Robust Preconditioners for Multiple Saddle Point Problems and Applications to Optimal Control Problems

TL;DR

This paper develops robust block diagonal preconditioners for multiple saddle point problems, especially in PDE-constrained optimal control, ensuring stability and efficiency across varying regularization parameters, with practical applications to heat and wave equations.

Contribution

It characterizes block structured norms for well-posedness and constructs alpha-robust preconditioners applicable to a broad class of PDE-constrained optimal control problems.

Findings

Preconditioners are effective for heat and wave control problems.

Numerical experiments confirm the robustness of the proposed methods.

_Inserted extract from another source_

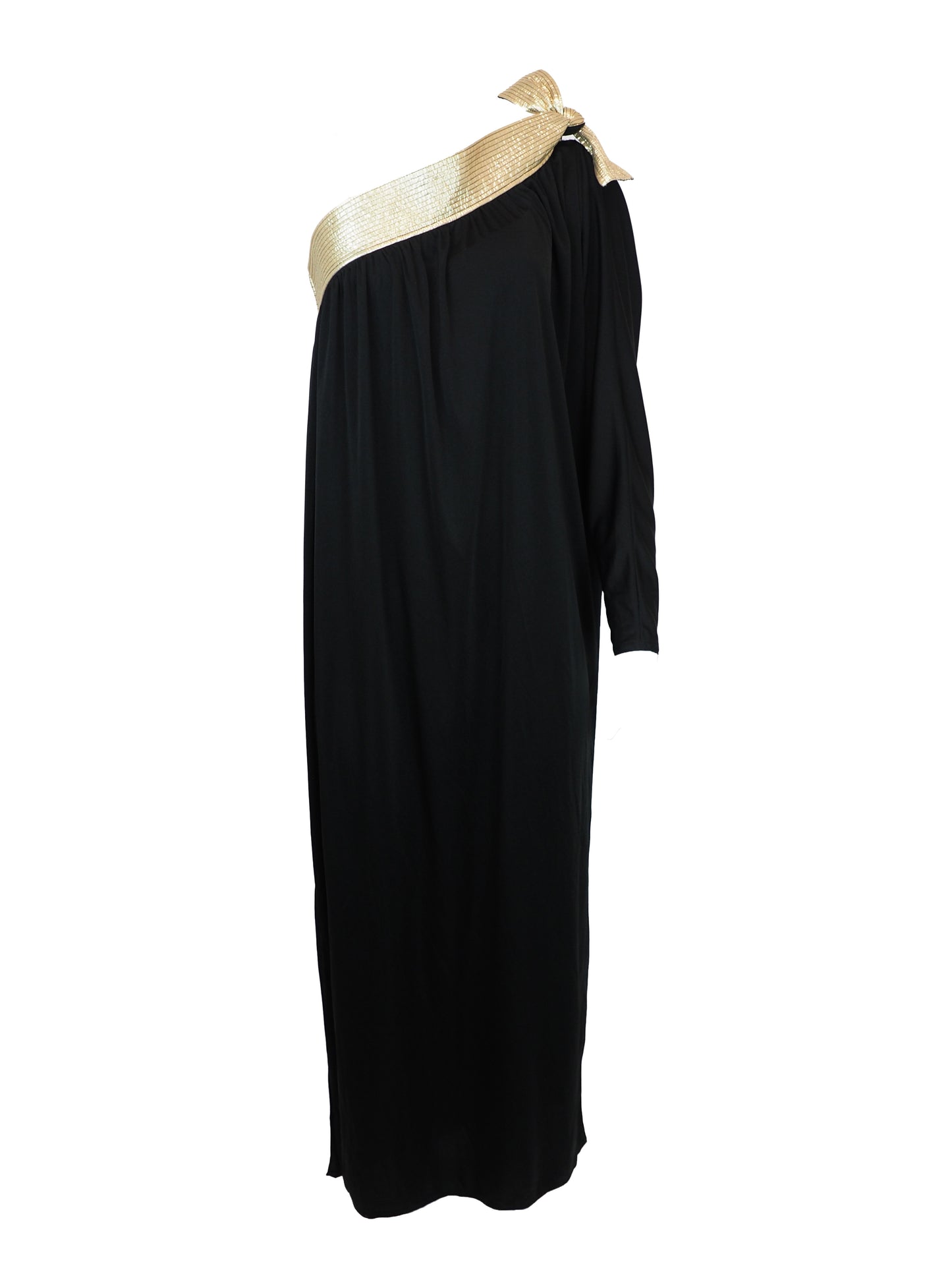 A vintage bill Tice black one-shoulder maxi dress with a wide, textured gold shoulder strap and a matching gold bow detail at the neckline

The approach ensures stability across different regularization parameters.

Abstract

In this paper we consider multiple saddle point problems with block tridiagonal Hessian in a Hilbert space setting. Well-posedness and the related issue of preconditioning are discussed. We give a characterization of all block structured norms which ensure well-posedness of multiple saddle point problems as a helpful tool for constructing block diagonal preconditioners. We subsequently apply our findings to a general class of PDE-constrained optimal control problems containing a regularization parameter $\alpha$ and derive $\alpha$-robust preconditioners for the corresponding optimality systems. Finally, we demonstrate the generality of our approach with two optimal control problems related to the heat and the wave equation, respectively. Preliminary numerical experiments support the feasibility of our method.